Kurz darauf wimmelte es im Haus nur so vor Polizisten. Die Spurensicherung war eingetroffen und suchte den Garten akribisch nach Hinweisen ab. Die Familie Lauderthal hatte sich im Wohnzimmer zusammengerottet. Emma fühlte sich in dem Trubel wie ein Fremdkörper. Weder Céline noch Camillo würdigten sie auch nur eines Blickes und ihr Vater war von Kommissar Bergmann in Beschlag genommen worden. Die Geschwister klammerten sich wie Ertrinkende aneinander, Céline weinte unaufhörlich leise vor sich hin. Sie sah schlimm aus mit ihren zerzausten Haaren und den tiefen Ringen unter den Augen. Der intensive Alkoholgestank, den sie absonderte, komplettierte das mitleiderregende Erscheinungsbild. So gerne hätte Emma ihre Halbschwester tröstend in die Arme geschlossen. Aber abgesehen davon, dass Céline das mit Sicherheit nicht zugelassen hätte, wusste sie auch nicht, was sie zu ihr hätte sagen sollen. Es gab nichts, das sie sagen oder tun konnte. Ekaterina war wie eine zweite Mutter für sie gewesen. Wenn sie bedachte, wie schwer sie selbst die Erkenntnis getroffen hatte, dass jemand Ekaterina nach dem Leben trachtete, wollte sie sich lieber nicht ausmalen, wie es ihrer Halbschwester damit gehen musste. Ihres Wissens nach hatten sich die beiden nach ihrer letzten Auseinandersetzung nicht einmal ausgesöhnt.

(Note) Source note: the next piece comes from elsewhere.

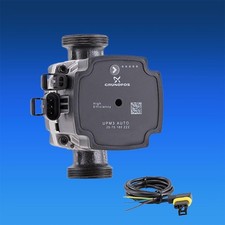 Grundfos Heizungspumpe 25-60/130 UPM3S Umwälzpumpe Hocheffizienzpumpe 130 mm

Plötzlich spürte Emma eine Berührung an der Schulter. Sie wirbelte herum. Es war Frau Fichler, die zweite Polizistin, die neben ihr aufgetaucht war, und ihr stumm deutete, ihr zur Befragung ins Nebenzimmer zu folgen.
„Erst einmal auch Ihnen mein aufrichtiges Beileid. Frau Moldova so zu sehen, muss ein schwerer Schock für sie gewesen sein“, begann sie das Gespräch behutsam. Sie hatte eine angenehm melodische Stimme und Emma war die junge Frau sofort sympathisch. „Darf ich fragen, wie Sie heißen und wie ihr Verhältnis zu der Familie ist?“
„Mein Name ist Emma Schneider. Ich wohne seit Ende Jänner bei den Lauderthals. Ich bin ...“, sie stockte einen Moment. Was sollte sie sagen? Wie viel konnte, wie viel durfte sie der Polizei verraten? „Ich bin eine Freundin von Céline“, vollendete sie den Satz schließlich.
„Kannten Sie das Opfer näher?“
Emma zögerte. „Das ist kompliziert, fürchte ich“, erwiderte sie ausweichend.
„Lassen Sie sich ruhig Zeit.“
Emma haderte mit sich, was sie ihr sagen sollte. Doch letztendlich gelangte sie zu dem Schluss, dass es keinen Sinn machte, die Polizei anzulügen. Sie war des Lügens ohnehin überdrüssig.
„Können Sie ein Geheimnis bewahren?“, murmelte sie.
„Das kommt ganz darauf an“, entgegnete die Kommissarin ehrlich. „Meine Diskretion ist abhängig von der Relevanz für den Fall. Aber soweit es mir möglich ist, werde ich natürlich vertraulich mit Ihren Informationen umgehen.“
Emma gab sich innerlich einen Ruck. Was hatte sie jetzt noch zu verlieren?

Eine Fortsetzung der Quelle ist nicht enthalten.